[Data]
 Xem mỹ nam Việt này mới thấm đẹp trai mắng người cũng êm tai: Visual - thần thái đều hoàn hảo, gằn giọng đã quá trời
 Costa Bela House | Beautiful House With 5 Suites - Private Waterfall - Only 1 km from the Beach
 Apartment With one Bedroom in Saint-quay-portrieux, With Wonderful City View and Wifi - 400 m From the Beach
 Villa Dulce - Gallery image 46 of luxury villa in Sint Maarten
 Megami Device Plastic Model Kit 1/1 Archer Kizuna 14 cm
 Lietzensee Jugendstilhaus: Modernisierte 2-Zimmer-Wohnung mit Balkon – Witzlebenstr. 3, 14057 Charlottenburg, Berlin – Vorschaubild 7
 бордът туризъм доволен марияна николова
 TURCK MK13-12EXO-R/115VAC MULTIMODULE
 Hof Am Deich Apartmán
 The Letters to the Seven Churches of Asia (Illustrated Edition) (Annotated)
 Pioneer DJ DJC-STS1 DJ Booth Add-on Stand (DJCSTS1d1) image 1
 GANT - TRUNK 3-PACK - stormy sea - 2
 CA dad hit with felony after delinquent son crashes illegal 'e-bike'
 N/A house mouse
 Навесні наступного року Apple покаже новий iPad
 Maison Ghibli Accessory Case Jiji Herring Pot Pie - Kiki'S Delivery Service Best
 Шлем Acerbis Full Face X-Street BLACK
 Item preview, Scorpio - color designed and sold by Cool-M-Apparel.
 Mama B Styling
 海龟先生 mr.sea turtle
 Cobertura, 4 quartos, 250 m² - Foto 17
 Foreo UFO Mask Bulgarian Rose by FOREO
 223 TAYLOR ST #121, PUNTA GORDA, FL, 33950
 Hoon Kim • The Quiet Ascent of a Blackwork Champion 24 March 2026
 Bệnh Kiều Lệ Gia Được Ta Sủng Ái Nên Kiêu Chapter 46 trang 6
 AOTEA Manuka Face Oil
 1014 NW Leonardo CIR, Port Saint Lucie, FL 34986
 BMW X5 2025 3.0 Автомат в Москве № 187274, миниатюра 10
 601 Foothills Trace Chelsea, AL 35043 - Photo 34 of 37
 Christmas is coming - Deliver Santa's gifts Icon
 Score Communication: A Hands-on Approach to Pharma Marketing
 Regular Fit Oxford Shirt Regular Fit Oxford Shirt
[/Data]
▸ What you need to do: Write out, word for word, the line containing "601 Foothills Trace" and all the lines after it in the entries above, and nothing more.

▸ Solution for this exercise:
 601 Foothills Trace Chelsea, AL 35043 - Photo 34 of 37
 Christmas is coming - Deliver Santa's gifts Icon
 Score Communication: A Hands-on Approach to Pharma Marketing
 Regular Fit Oxford Shirt Regular Fit Oxford Shirt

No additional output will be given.